The Washington Wine Enthusiast, which bills itself as “the world’s leading wine website,” is facing a new problem.
The Washington Business Journal reports that the company that owns Hillinger has closed its doors.
Hillinger Wine & Spirits, the company behind the popular website, has closed down, and will be replaced by another wine company.
The business of Hillinger, which began in 2004 as a blog and expanded to a website in 2010, went into debt during the Great Recession.
It lost $20 million in the last quarter of this year, and its total debt stood at $125 million at the time of its closure.
According to the WSJ, the decision to close down was a result of declining sales and other factors, including the loss of key revenue sources, which was offset by the growth of its blog and its website.

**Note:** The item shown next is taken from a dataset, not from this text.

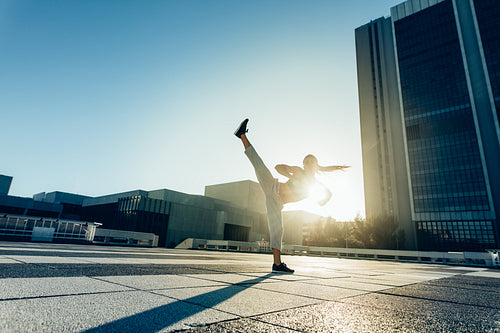 Urban woman doing high roundhouse kick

“The company has been in debt for over two years,” wrote a spokesperson.
But the spokesperson added that the WSJD has no plans to sue Hillinger over the closure.
They will be taking a different approach to their own business.
I guess the question now is: why do we have to make this decision?
What’s interesting about this is that it’s not just that Hillinger is shutting down, but that the Washington Business Journals is shutting it down.
In a separate report, The Wall Street Journal reported that the Wall Street firm that owns WSJD and Hillinger was in talks with the company to merge the two sites.
On its website, the WSJJ reported that its blog has been “a major contributor to the success of the site.”
It added that “more than 90% of visitors have come from our blog.”
The Wall Street News noted that “Hillinger’s blog has more than 4.4 million monthly unique visitors and more than 200,000 unique page views.”
Hillinger has also been a leader in the wine industry.
The WSJ said that in 2013, the site was “the top-selling site for wines on the web.”
As The Wall St Journal noted, “In 2014, it was one of the top-grossing brands on the Web.
In 2015, it ranked fifth.
While The WSJD reported that “it expects to have $1 billion in net revenue by 2019,” it added that this figure “does not include any of the intangible assets of the business.”
What does this mean for Hillinger’s future?
The WSJD’s move comes as Hillinger and the WSJS are both on the cusp of their third consecutive quarterly losses.
For its part, the Washington Wine Industry Association said that it will take “appropriate action” to “reduce the risk” of a potential merger.
So, if the Washington Beer and Wine Association wants to see an outcome from this merger, they’ll need to look elsewhere.
If this is the case, it could potentially open the door for a merger of the Washington Restaurant Association and the Washington Beverage Association.
Wineries are not alone in struggling.
Other food and beverage industry players, including PepsiCo, PepsiCo (NYSE:PEP), General Mills (NYSE,GME:GAS), and Coca-Cola (NYSE) are struggling with a lack of consumer loyalty.
What is happening in Hillingernews?
Wineshops like Hillinger have been struggling for years.
Many have tried to survive on the margins and survive by selling off the business.
But, this year the industry seems to be going through a major consolidation.
Over the last few years, as prices for premium brands have risen and the cost of wine has fallen, many of these small-batch businesses have been forced to close.
One of the major challenges for small-batch businesses has been to find enough customers to keep up with rising costs.
As a result, many are going out of business.